5. Powdered egg shells and cuttlefish bones are fine and dandy, I'm 'sure'. But, my Snapper was doing fine, till I got a pot of Nutribal. Then the buggers appetite went through the roof. And he's grown about an inch in a couple of months!

World of difference, see, in a creature hanging on in there. And one that's blossoming and thriving.


----------



## MonBon (Mar 1, 2017)

To answer your questions 

1 I live in Ireland in co Kildare and the nearest pet shop is an overpriced store who can't care for their crickets. What I'm doing is I'm going to buy 300 crickets from the guy supplying the frog and I'll start a colony. (or roaches if I'm lucky) I was going to buy the crickets and the powders online but the shipping is 25pounds and I am not paying an odd 50 euro for crickets and some powder. Worst case scenario, I'll make powder out of cuttlefish bones or eggshells and buy the powder in that store. 

2 
The store I buy the frog from is in central Dublin, so about an hour and a half by bus, and I am quite busy, and cant spend over 3 hours of my day getting a tub of nutribal, hence the cuttlefish and eggshell idea

3 I realise that but I don't have the frog yet so I can only assume

4 I Google it, and no one said it was good and no one said it was bad

5 refer to answer 2

Do you know about vitamin alternatives? I was thinking that if I properly gut loaded the crickets with highly vitamin rich foods like squash and sweet potatoes, I could keep vitamin powdering to a minimum or perhaps null. 

Thanks 

Sent from my 5056X using Tapatalk


----------



## el Snappo (Mar 4, 2017)

MonBon said:


> I live in Ireland ....


:2thumb: Un Believable!!! I'm eating my dinner, as I type this. Otherwise, I'd shoot ye my number and we could chat!

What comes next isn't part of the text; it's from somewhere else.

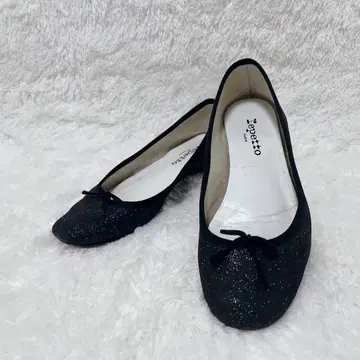 Repetto 레페토 발레 슈즈 38 블랙 라메 플랫슈즈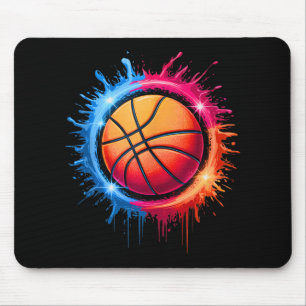 Colorful Basketball Tie Dye Color Splash Hoop Net Mouse Pad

Either way, I'd love to exchange notes. I'm in Leitrim. I was about to mention my mate, 'Shins. Over in Clare. Then I realised; This _isn't_ Boards! :mrgreen:

Back presently. Let me just clean up here and get settled with my Jameson ration .....


----------



## MonBon (Mar 1, 2017)

el Snappo said:


> :2thumb: Un Believable!!! I'm eating my dinner, as I type this. Otherwise, I'd shoot ye my number and we could chat!
> 
> Either way, I'd love to exchange notes. I'm in Leitrim. I was about to mention my mate, 'Shins. Over in Clare. Then I realised; This _isn't_ Boards! :mrgreen:
> 
> Back presently. Let me just clean up here and get settled with my Jameson ration .....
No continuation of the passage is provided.